Bosnia's Answer to the Intelligent Design Movement

Craig Smith published a fascinating story in today's New York Times about a Bosnian Indiana Jones who believes he's discovered a 25,000 year old pyramid -- the world's oldest and largest -- buried under a hill not far from Sarajevo.

Although construction of the pyramid would have to have taken place before the last Ice Age, Semir Osmanagic, an amateur archaeologist, is so utterly convinced he's right that he's been able to talk villagers from nearby Visoko into trudging up the hill with picks and shovels to help him dig it out.

Archaeologists, geologists, and historians have told Osmanagic and his helpers that their hill was "formed when an ancient lake bed buckled from tectonic movement of the earth's crust millions of years ago," according to Smith, but the digging goes on.

You might think of the project as Bosnia's answer to the intelligent design movement because, in their own way, the parallels are stunning.

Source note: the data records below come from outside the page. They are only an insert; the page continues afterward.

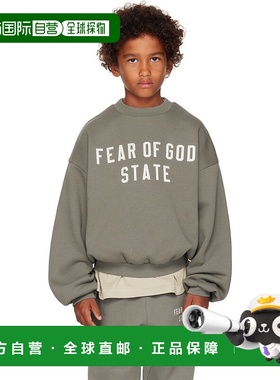 1h可退 香港直邮潮奢 Essentials 女童 灰色 90s Fit Fleece Crew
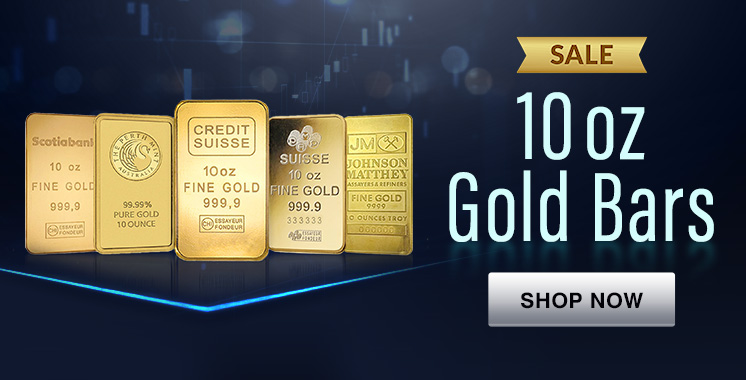 10 oz Gold Bars Sale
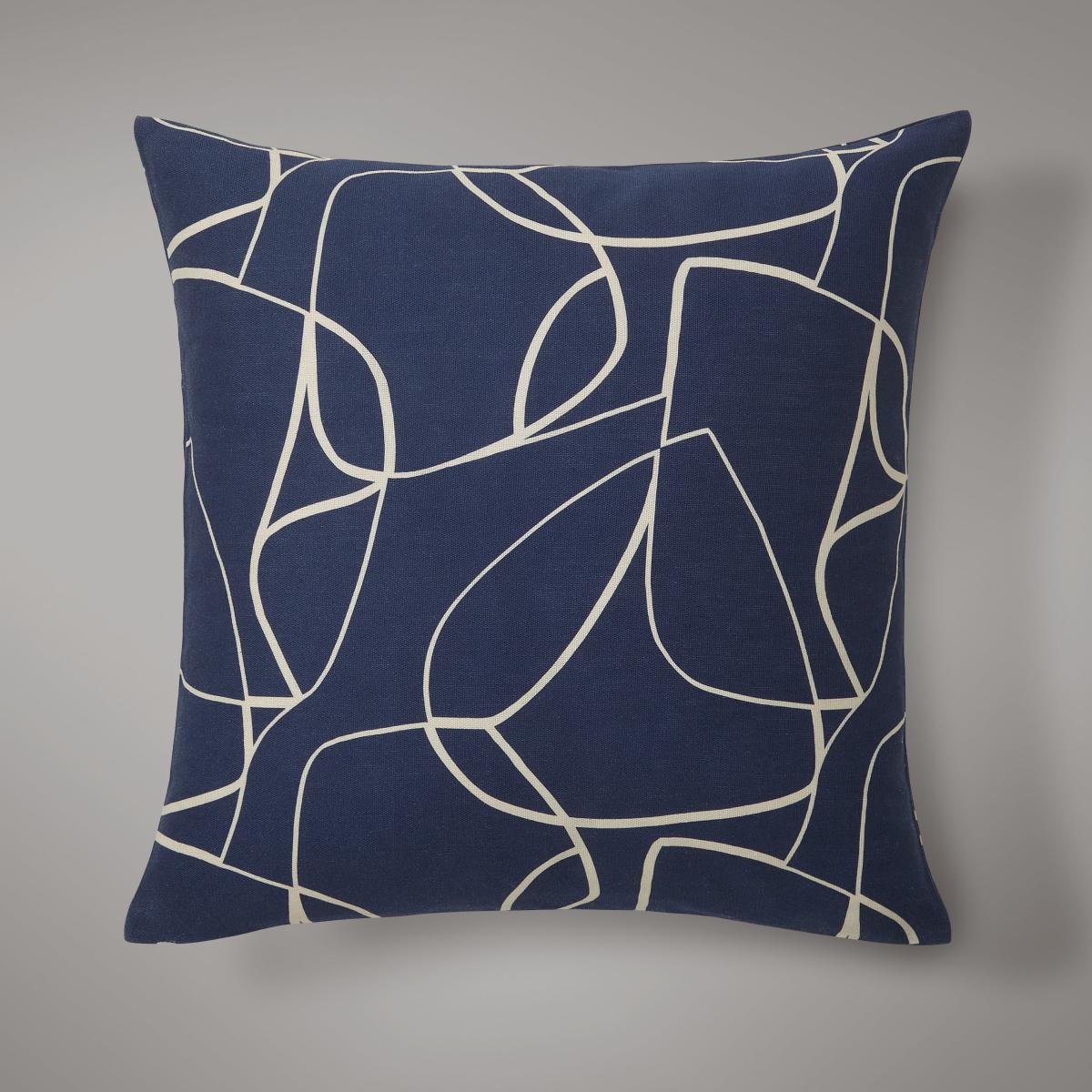 Elements Paco Printed Navy Cushion Navy – image 2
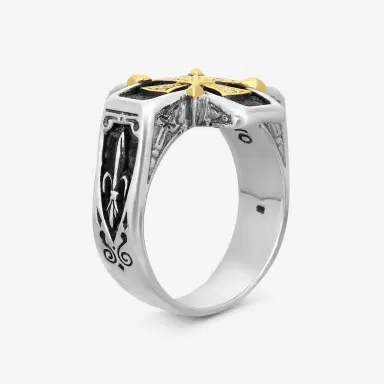 Konstantino Konstantino Stavros 18K Yellow Gold & Sterling Silver Cross Ring Sz. 13.5 by The Solist | Thumbnail 2 Konstantino Konstantino Stavros 18K Yellow Gold & Sterling Silver Cross Ring Sz. 13.5 by The Solist | Thumbnail 2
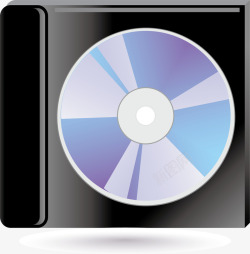 质感CD盘盒CD盘盒矢量图高清图片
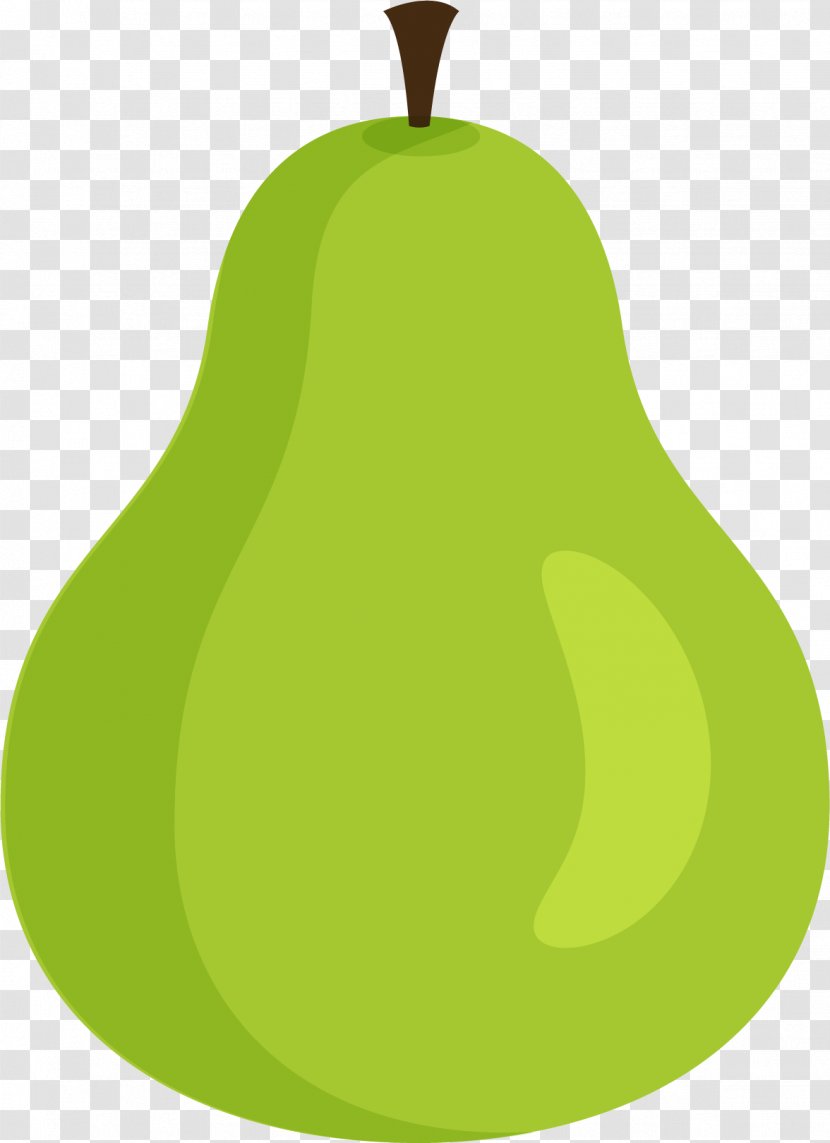 Pear Download - Green Cartoon Transparent PNG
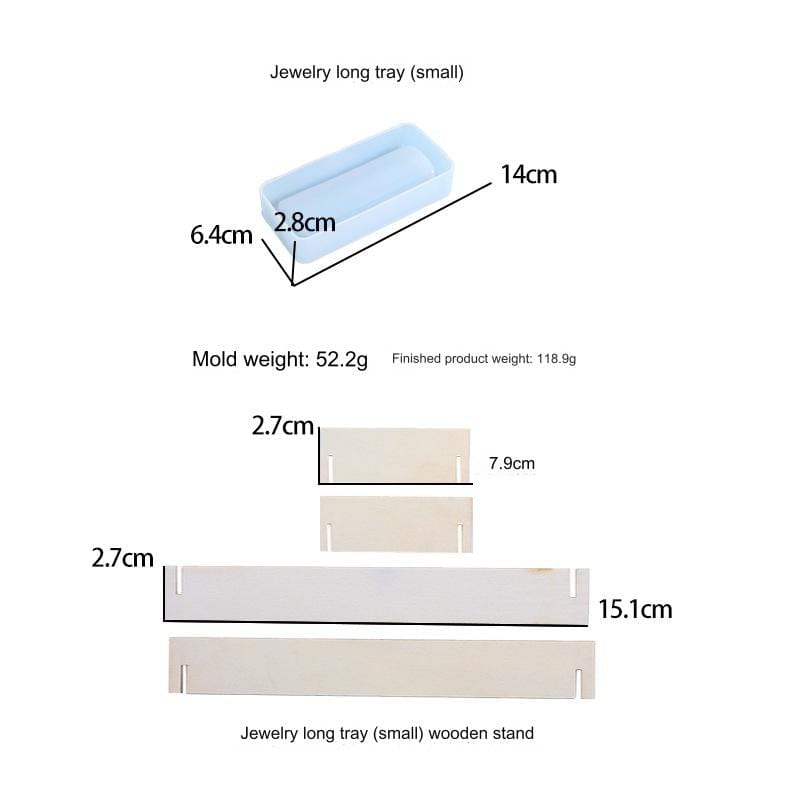 My Store Silicon Mould 6" Long Jewellery Tray Mould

Interest in the discovery comes not from science, but from a deep need to recover the nation's pride following the ethnic cleansing of the civil war. Visoko is the stronghold of the Bosnian national party.

Although 21 experts published an open letter in Bosnian newspapers in April describing Mr. Osmanagic's project as bad science and manipulative sociology, "largely uncritical television and newspaper reports have made the photogenic Mr. Osmanagic a national celebrity" and volunteers have flocked to his side, reports Smith.

Although Osmanagic studied economics and politics in Sarajevo, his true interest, is "the real history of civilization."

Osmanagic's curiously symmetrical Bosnian hill exhibits all the characteristics of intelligent design, as well:

"Nature could not have created three identical hills in this pattern," Osmanagic tells Smith with matter-of-fact confidence."

"Every flat surface, every straight line only confirms his hypothesis," writes Smith. "He sees four clearly delineated sides to the Visoko hill, corresponding to the cardinal points. 'That was enough to convince me that we are talking about pyramids here," he said, standing on the gentler slope of the hill's west side, the 'ceremonial causeway.'"

Many people see what they want to see. Osmanagic and his followers desperately want to see a glorious Bosnian past. Behe, Dembski, Johnson and the rest want more than anything else to see the hand of God -- their God -- in the creation.

No evidence will ever convince them otherwise.